What is intriguing about the recent furore in Sharjah is not that a work of art was banned and the biennial director sacked, but that it should have been there at all. Blasphemy is intrinsic to modern art, which is naturally hostile to tradition, to the sacred, and to the claim that a benign order underlies the apparent randomness of human experience. The work by Mustapha Benfodil, which provoked the sudden reversion to older patterns of discernment and exclusion, included phrases which, being in Arabic, attracted local attention for their irreligious content. But the ethos of his work, like almost all avant-garde art, is rooted in the modern rejection of the sacred, which it replaces with the expression, often enigmatic, of the inner life of the artist. Individualism can only make headway by eroding the collective and the transcendent.
It would be easy to deride the good burghers of Sharjah for failing to spot this most salient element of the modern. Expatriates often claim that Gulf Arabs like modern art because of the prestige of its association with the west, not because they understand it. This is a local version of the more widespread view that most consumers of contemporary art are attracted only by its mystique. (Asked how many people actually like modern art, Marcel Duchamp famously replied: “Oh, maybe ten in New York, and one or two in New Jersey.”)

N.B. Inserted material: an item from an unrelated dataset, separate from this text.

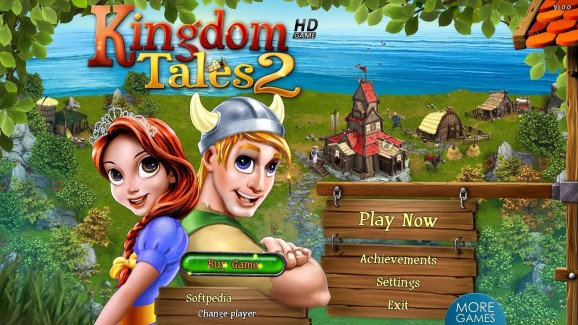 Kingdom Tales 2 (HD) screenshot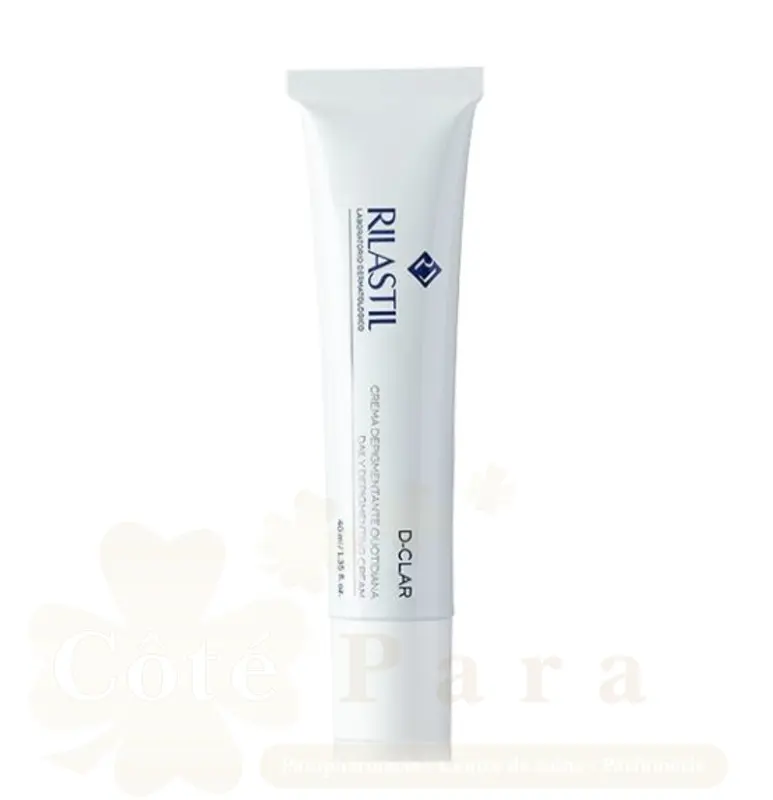 RILASTIL D-CLAR CREME DEPIGMENTANT 40ML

In fact, Emiratis are not this naïve. Many find modern art interesting because it is a window onto the soul of the west, with which they have to engage. Its indifference to recognisable canons of beauty and truth, and its typical pessimism about society, are taken to be important lessons. Fundamentalists, in particular, appreciate the new galleries in the region for their sermonising potential; as an Afghan once told me, nothing would serve the Islamist cause better than a major Gilbert & George retrospective in Kandahar.
The same religionists are laughing at liberal attempts to explain why blasphemies against Islam are a valid expression of artistic licence, while certain western legal and moral taboos may be acceptably internalised by curators and by legislation. Yet even in Sweden, just two years ago, the Linköping municipality banned posters for a rock festival that showed Satan excreting on a cross. And in Denmark, the newspaper Jyllands-Posten, which had defended its right to publish cartoons of the Prophet, retreated from its stated intention to publish a cartoon that lampooned the Holocaust.
Muslims are not slow to note these contradictions, and to observe with amusement the verbal acrobatics of western moralisers who seek to justify them.
Beyond the politics, however, lies the stubborn fact that modern art, to be itself, needs to be free to outrage and subvert, not only implicitly, but explicitly. Claims about God and society must be subjected not only to irony, but to lampoon, wherever the artist’s will dictates it. This is the more significant problem for the Emirates.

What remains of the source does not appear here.